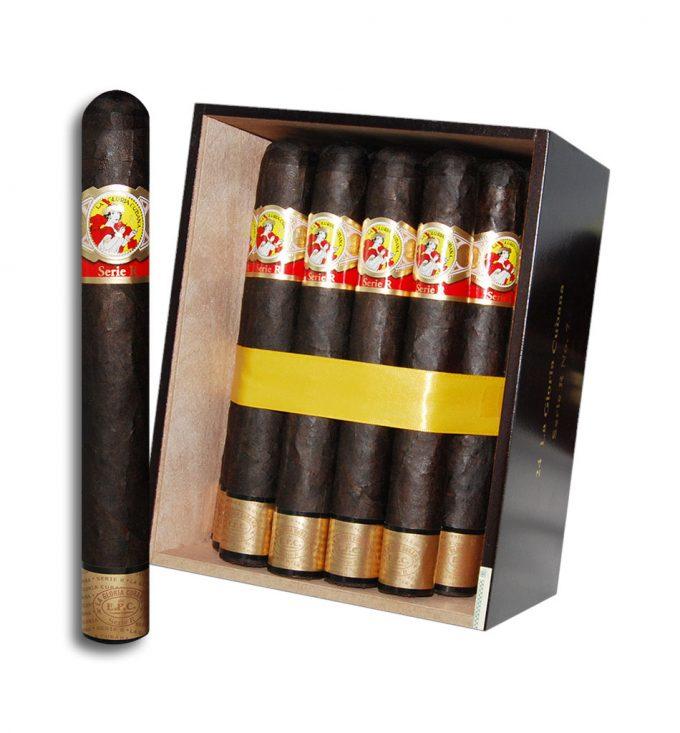 LA GLORIA CUBANA Serie R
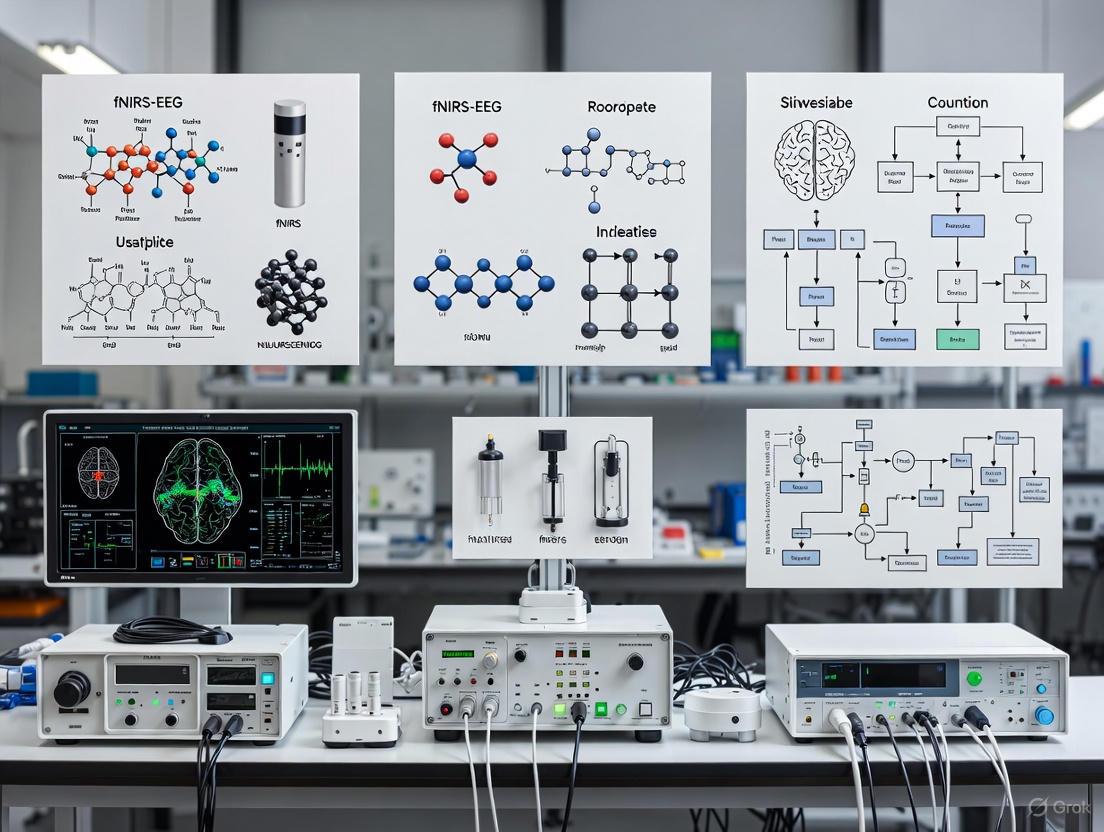 Designing the Future of Neuroimaging: A Comprehensive Guide to fNIRS-EEG Dual-Modality Systems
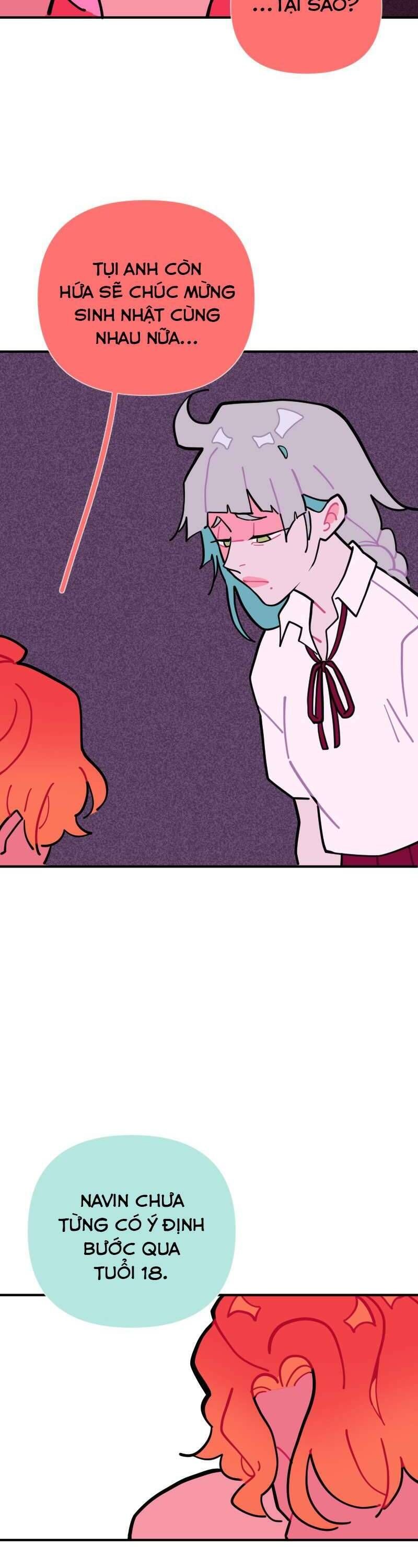 Homesick Chapter 41 - 25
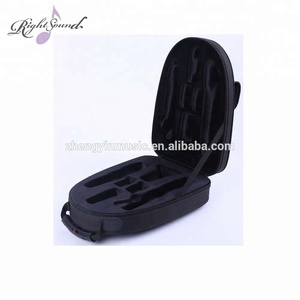 <span class=keywords><strong>Strumenti</strong></span> <span class=keywords><strong>musicali</strong></span> a forma di morbido <span class=keywords><strong>clarinetto</strong></span> caso dalla Cina - Product Image 4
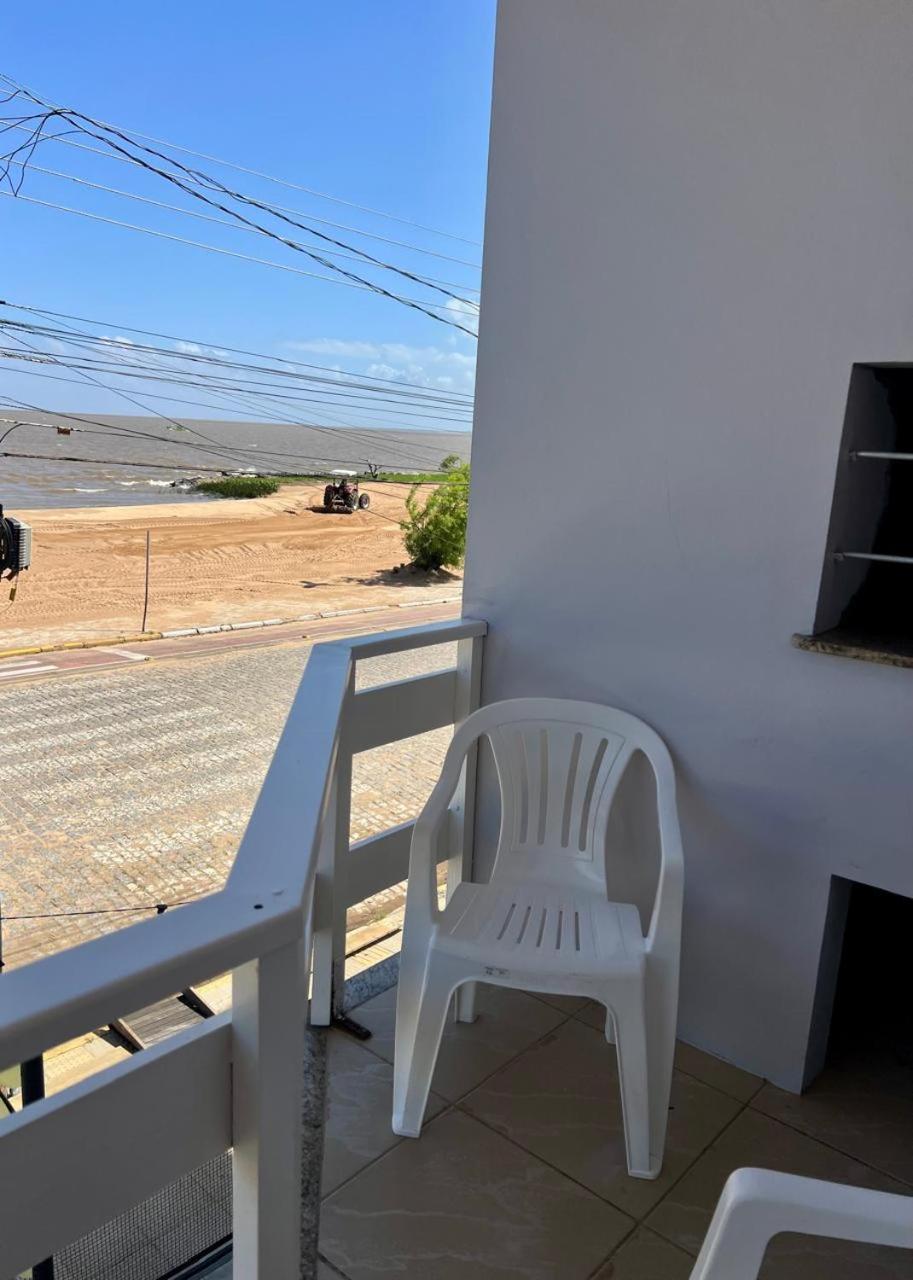 Lindo Apto Frente Praia 4 Cond Dom Felippe Sao Lourenco do Sul Eksteriør billede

Task directions:
Any images must be dropped; all other material is to be printed exactly.

Exercise answer:
 LA GLORIA CUBANA Serie R
 Designing the Future of Neuroimaging: A Comprehensive Guide to fNIRS-EEG Dual-Modality Systems
 Homesick Chapter 41 - 25
 <span class=keywords><strong>Strumenti</strong></span> <span class=keywords><strong>musicali</strong></span> a forma di morbido <span class=keywords><strong>clarinetto</strong></span> caso dalla Cina - Product Image 4
 Lindo Apto Frente Praia 4 Cond Dom Felippe Sao Lourenco do Sul Eksteriør billede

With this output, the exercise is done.